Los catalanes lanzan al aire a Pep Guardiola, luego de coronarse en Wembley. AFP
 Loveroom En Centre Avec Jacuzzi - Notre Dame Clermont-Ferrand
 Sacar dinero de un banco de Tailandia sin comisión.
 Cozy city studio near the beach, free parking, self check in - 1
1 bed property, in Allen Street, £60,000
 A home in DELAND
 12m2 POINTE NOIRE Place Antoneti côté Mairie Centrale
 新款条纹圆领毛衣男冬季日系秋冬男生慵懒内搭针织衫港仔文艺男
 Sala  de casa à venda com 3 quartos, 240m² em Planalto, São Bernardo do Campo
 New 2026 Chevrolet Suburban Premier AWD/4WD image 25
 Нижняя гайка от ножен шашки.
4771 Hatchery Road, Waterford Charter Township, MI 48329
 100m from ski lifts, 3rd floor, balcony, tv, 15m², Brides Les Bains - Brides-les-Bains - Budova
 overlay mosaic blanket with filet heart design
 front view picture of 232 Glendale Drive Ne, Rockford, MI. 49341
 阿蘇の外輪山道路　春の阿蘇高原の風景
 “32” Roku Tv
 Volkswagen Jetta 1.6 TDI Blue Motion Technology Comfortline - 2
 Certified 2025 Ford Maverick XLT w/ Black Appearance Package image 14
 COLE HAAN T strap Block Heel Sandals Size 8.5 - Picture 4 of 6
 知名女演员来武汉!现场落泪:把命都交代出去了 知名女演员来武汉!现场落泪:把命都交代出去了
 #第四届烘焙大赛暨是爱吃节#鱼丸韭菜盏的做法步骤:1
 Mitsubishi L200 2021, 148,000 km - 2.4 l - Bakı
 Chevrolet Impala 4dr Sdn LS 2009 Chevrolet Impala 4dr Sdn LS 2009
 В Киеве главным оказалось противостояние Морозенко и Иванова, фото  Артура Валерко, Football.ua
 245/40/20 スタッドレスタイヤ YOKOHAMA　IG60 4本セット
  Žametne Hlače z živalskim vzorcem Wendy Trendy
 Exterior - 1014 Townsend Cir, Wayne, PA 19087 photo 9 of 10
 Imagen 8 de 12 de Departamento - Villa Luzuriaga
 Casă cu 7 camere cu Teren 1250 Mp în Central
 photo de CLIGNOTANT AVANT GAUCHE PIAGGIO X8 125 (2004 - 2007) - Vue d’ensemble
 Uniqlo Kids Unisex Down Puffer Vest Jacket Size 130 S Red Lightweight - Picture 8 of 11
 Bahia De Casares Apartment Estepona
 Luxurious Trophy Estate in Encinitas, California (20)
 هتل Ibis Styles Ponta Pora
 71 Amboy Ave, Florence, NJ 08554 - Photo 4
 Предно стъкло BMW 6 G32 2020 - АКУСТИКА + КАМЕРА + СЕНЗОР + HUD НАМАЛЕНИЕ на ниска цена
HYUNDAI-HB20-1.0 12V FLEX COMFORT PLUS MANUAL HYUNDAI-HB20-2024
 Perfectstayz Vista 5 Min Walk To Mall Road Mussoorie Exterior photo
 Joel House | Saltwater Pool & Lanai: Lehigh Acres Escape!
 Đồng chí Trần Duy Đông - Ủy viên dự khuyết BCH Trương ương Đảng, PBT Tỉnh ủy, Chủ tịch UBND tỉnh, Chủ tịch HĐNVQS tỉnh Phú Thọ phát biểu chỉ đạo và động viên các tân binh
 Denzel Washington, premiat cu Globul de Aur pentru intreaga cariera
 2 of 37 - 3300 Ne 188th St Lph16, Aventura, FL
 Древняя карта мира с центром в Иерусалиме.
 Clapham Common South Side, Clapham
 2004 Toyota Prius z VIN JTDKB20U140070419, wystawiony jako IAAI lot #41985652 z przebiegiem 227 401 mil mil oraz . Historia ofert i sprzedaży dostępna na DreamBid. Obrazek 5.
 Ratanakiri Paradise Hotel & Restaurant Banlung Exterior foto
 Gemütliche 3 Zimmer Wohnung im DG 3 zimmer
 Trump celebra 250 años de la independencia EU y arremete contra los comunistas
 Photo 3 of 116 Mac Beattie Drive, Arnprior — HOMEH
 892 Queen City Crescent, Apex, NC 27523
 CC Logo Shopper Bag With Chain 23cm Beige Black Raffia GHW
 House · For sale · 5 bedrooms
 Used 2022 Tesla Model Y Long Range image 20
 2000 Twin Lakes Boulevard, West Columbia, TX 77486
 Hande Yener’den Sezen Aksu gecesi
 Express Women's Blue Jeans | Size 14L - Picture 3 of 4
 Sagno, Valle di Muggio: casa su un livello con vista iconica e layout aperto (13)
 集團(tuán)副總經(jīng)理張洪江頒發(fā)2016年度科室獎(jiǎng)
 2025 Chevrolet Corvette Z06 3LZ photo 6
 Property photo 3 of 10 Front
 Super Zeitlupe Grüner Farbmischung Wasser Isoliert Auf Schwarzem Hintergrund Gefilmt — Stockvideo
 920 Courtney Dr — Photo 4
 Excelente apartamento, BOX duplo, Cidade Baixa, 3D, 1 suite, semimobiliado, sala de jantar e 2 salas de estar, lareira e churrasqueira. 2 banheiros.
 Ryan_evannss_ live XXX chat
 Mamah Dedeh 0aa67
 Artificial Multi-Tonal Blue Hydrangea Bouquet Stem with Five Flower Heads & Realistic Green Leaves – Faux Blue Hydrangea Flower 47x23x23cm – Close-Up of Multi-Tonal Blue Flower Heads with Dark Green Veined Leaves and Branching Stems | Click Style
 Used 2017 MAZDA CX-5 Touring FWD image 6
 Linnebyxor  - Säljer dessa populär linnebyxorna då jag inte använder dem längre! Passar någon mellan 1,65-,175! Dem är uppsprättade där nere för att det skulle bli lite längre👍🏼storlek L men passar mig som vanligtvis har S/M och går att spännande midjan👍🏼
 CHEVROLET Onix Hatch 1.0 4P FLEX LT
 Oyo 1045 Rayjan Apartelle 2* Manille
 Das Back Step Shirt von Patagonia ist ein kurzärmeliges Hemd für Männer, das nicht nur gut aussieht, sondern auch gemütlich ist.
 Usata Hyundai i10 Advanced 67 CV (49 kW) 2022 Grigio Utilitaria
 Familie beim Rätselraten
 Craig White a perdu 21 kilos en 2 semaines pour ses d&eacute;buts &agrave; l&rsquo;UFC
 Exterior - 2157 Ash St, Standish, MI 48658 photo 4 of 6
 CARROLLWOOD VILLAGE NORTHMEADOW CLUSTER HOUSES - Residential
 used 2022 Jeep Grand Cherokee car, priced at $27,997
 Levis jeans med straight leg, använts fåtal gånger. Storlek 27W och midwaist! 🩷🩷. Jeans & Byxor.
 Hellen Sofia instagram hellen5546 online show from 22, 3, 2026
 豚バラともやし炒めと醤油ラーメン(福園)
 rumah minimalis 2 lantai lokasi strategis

────────

▸ **WHAT THE TASK REQUIRES**
For this exercise, please output exactly the lines above starting at the line with "920 Courtney Dr — Photo 4" and ending at the line with "Mamah Dedeh 0aa67", ends included.

▸ **RESPONSE AREA**
 920 Courtney Dr — Photo 4
 Excelente apartamento, BOX duplo, Cidade Baixa, 3D, 1 suite, semimobiliado, sala de jantar e 2 salas de estar, lareira e churrasqueira. 2 banheiros.
 Ryan_evannss_ live XXX chat
 Mamah Dedeh 0aa67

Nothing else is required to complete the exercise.